YOUR ASSIGNMENT: Transcribe each record exactly; skip any picture.

Data extracted from a collection:
━━━━━━
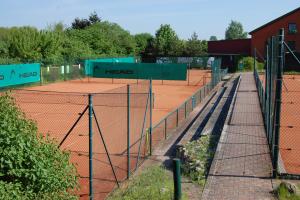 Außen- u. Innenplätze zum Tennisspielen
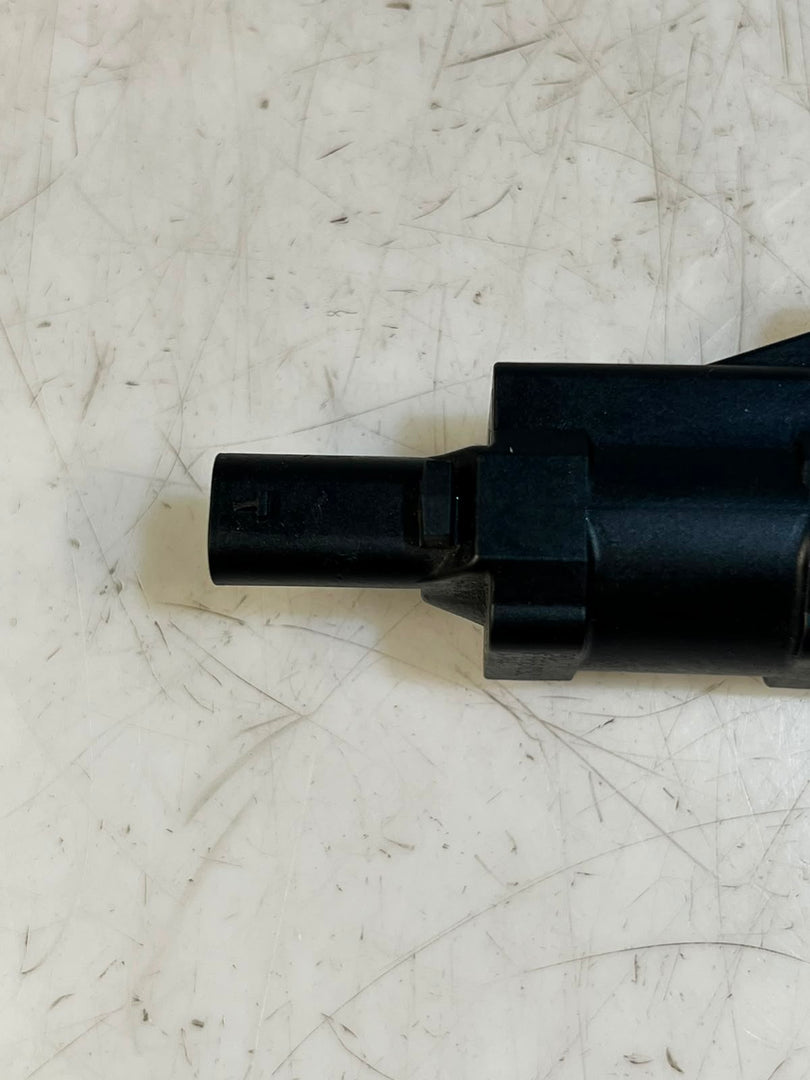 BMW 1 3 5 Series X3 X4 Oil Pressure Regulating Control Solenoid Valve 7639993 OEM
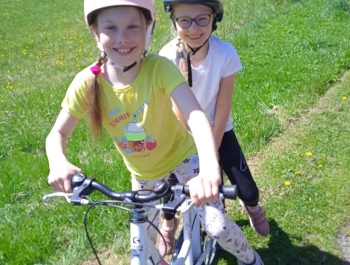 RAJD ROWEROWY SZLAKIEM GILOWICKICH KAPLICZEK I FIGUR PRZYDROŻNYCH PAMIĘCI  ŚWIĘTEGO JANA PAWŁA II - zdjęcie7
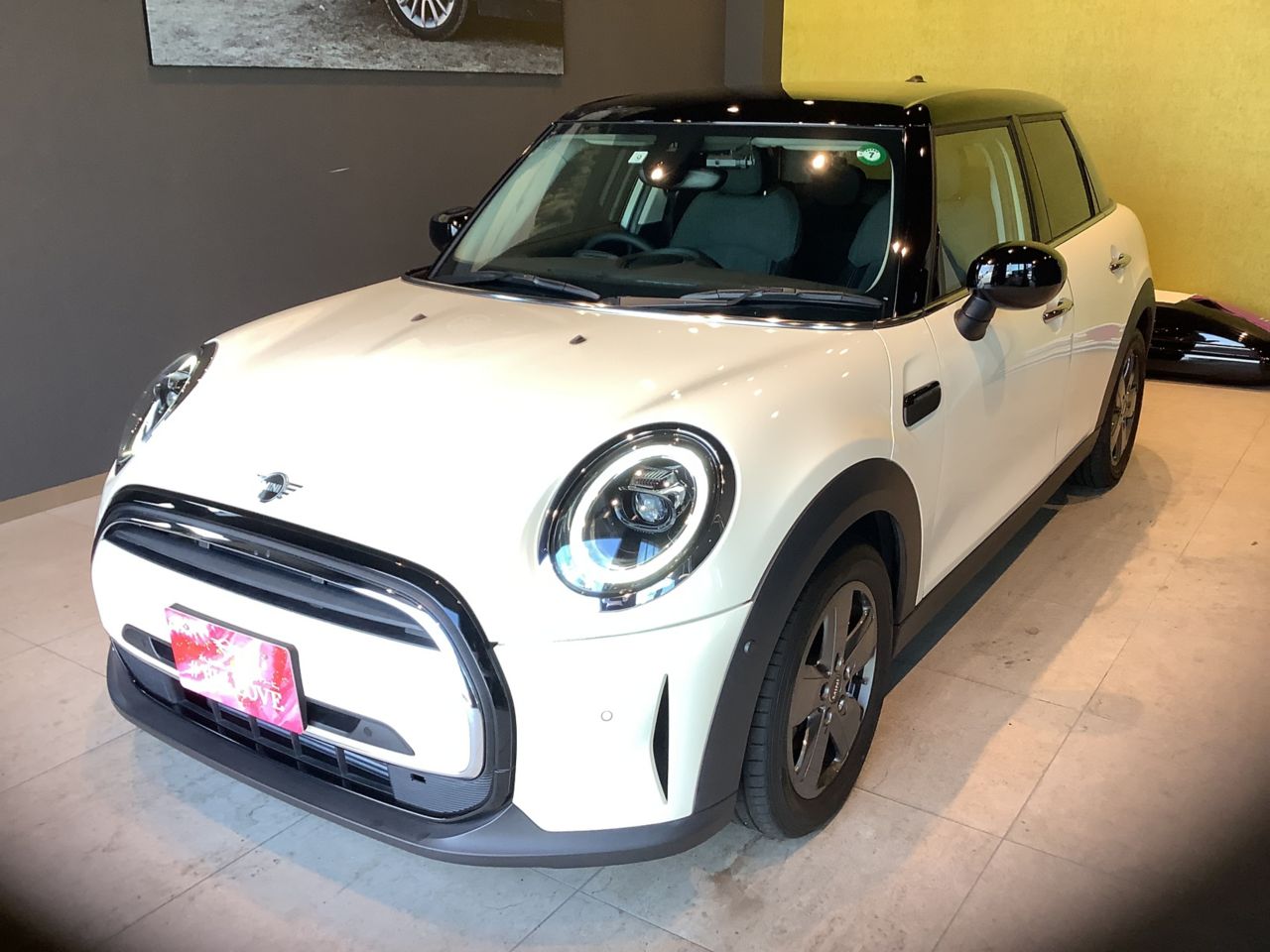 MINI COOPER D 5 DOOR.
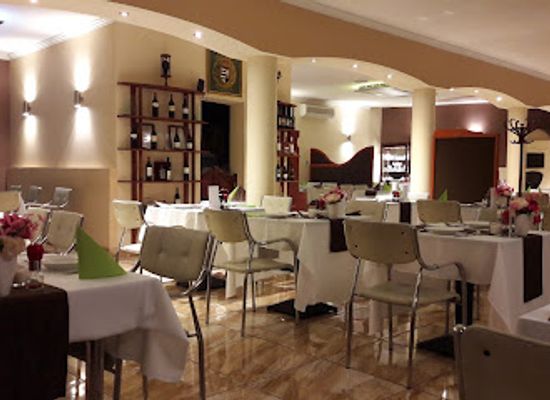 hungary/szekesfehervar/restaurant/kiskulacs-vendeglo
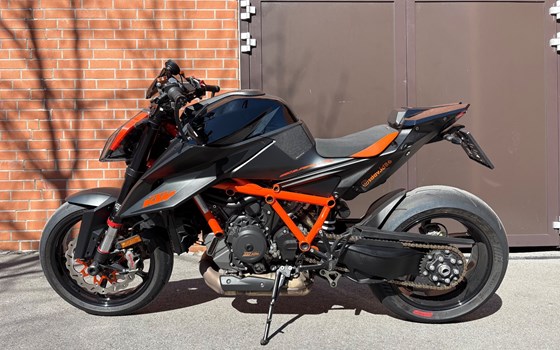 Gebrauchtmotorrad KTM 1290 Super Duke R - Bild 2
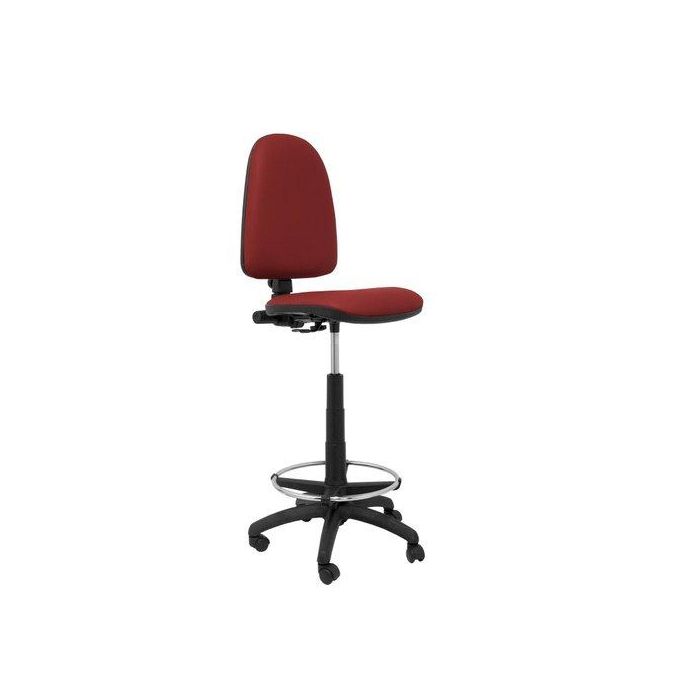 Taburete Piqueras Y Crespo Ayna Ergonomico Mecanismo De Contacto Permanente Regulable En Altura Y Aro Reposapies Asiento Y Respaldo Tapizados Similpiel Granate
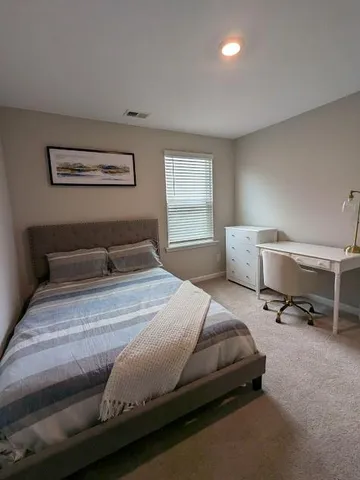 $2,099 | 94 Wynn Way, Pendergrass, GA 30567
━━━━━━
TASK RESULT:
 Außen- u. Innenplätze zum Tennisspielen
 BMW 1 3 5 Series X3 X4 Oil Pressure Regulating Control Solenoid Valve 7639993 OEM
 RAJD ROWEROWY SZLAKIEM GILOWICKICH KAPLICZEK I FIGUR PRZYDROŻNYCH PAMIĘCI  ŚWIĘTEGO JANA PAWŁA II - zdjęcie7
 MINI COOPER D 5 DOOR.
 hungary/szekesfehervar/restaurant/kiskulacs-vendeglo
 Gebrauchtmotorrad KTM 1290 Super Duke R - Bild 2
 Taburete Piqueras Y Crespo Ayna Ergonomico Mecanismo De Contacto Permanente Regulable En Altura Y Aro Reposapies Asiento Y Respaldo Tapizados Similpiel Granate
 $2,099 | 94 Wynn Way, Pendergrass, GA 30567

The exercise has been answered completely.